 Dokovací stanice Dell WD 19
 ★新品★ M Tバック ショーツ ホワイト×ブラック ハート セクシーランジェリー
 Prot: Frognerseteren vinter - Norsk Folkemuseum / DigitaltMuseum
...
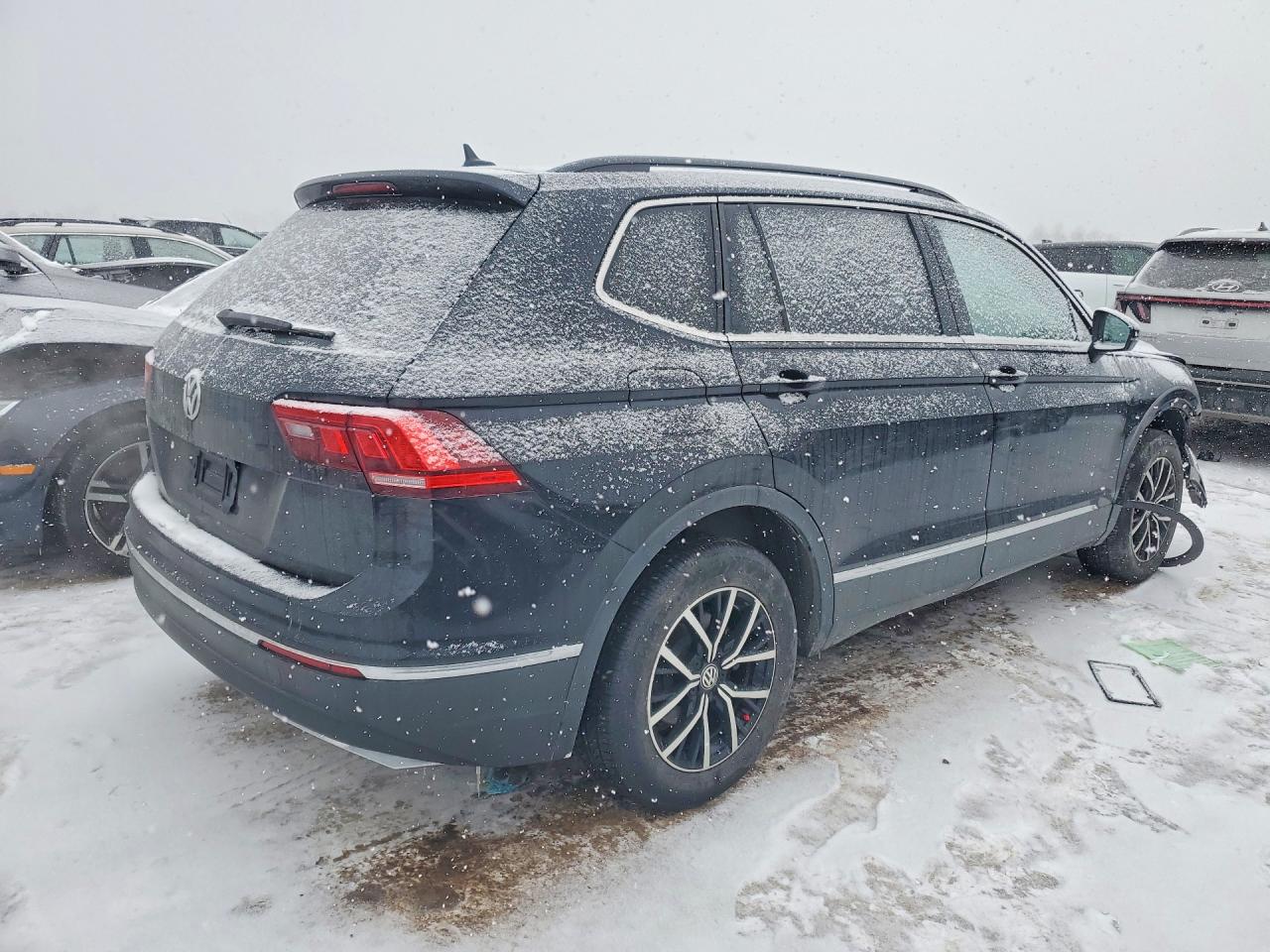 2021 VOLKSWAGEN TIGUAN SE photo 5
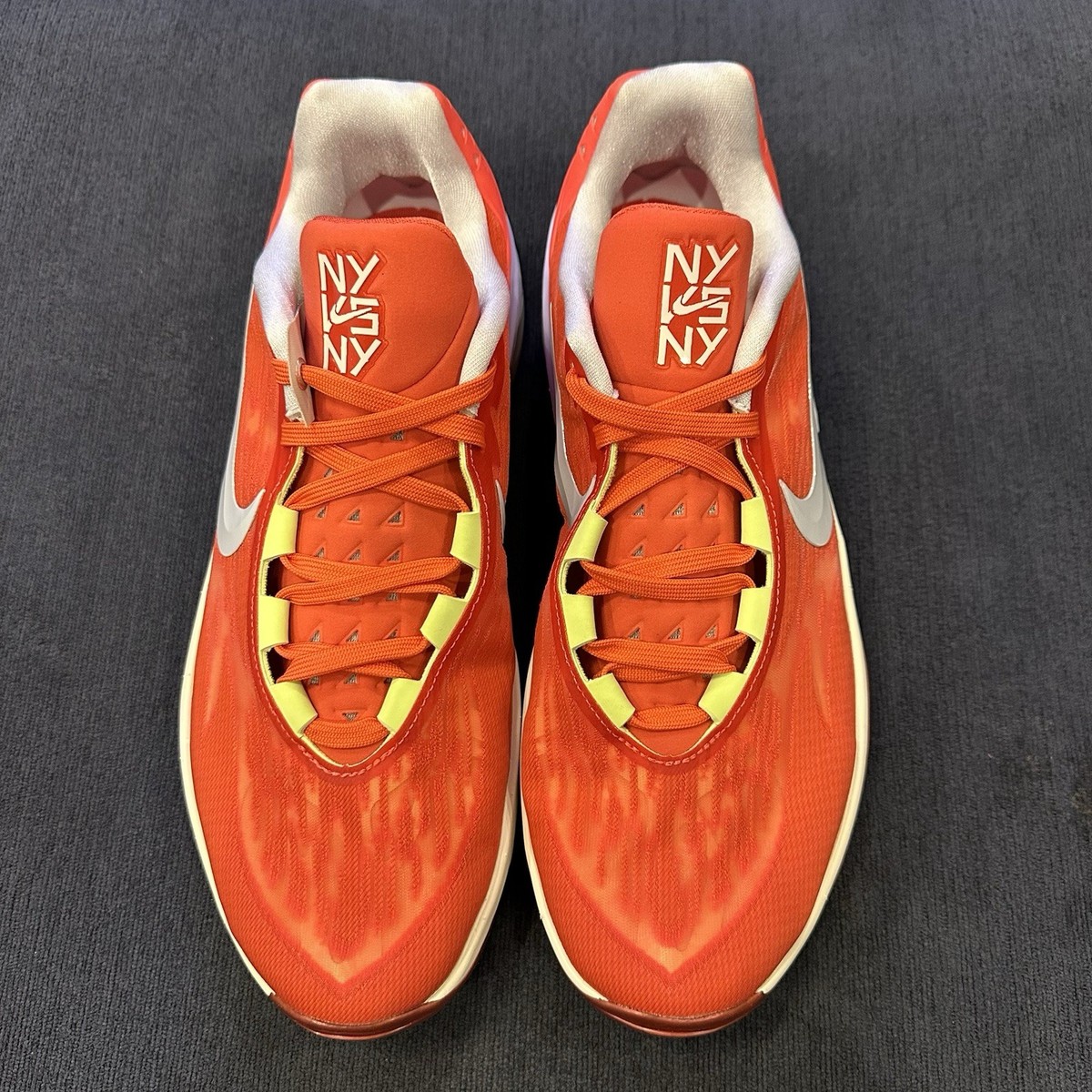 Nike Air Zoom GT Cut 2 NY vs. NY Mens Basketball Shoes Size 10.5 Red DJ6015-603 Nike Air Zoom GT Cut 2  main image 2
* * *
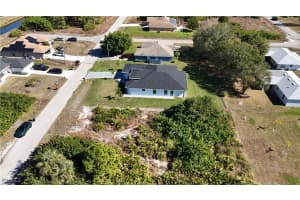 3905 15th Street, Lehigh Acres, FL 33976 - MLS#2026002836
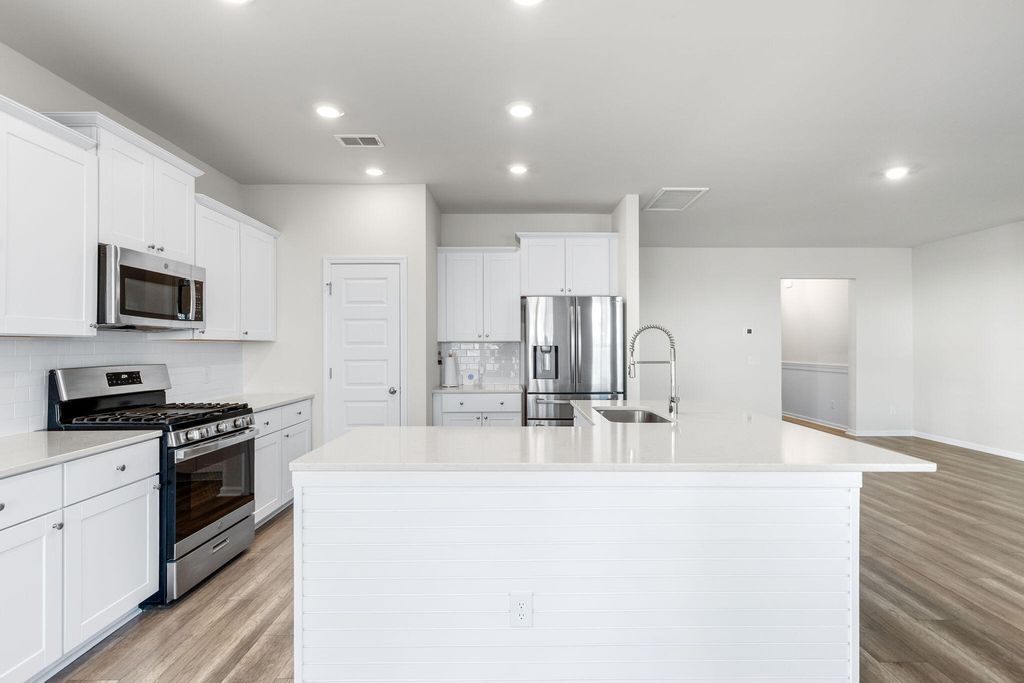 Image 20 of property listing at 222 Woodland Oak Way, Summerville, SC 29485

-- EXERCISE GOAL --
Go through the material above and output exactly the lines from the one containing "Dokovací stanice Dell WD 19" through the one containing "Prot: Frognerseteren vinter".

-- RESPONSE AREA --
 Dokovací stanice Dell WD 19
 ★新品★ M Tバック ショーツ ホワイト×ブラック ハート セクシーランジェリー
 Prot: Frognerseteren vinter - Norsk Folkemuseum / DigitaltMuseum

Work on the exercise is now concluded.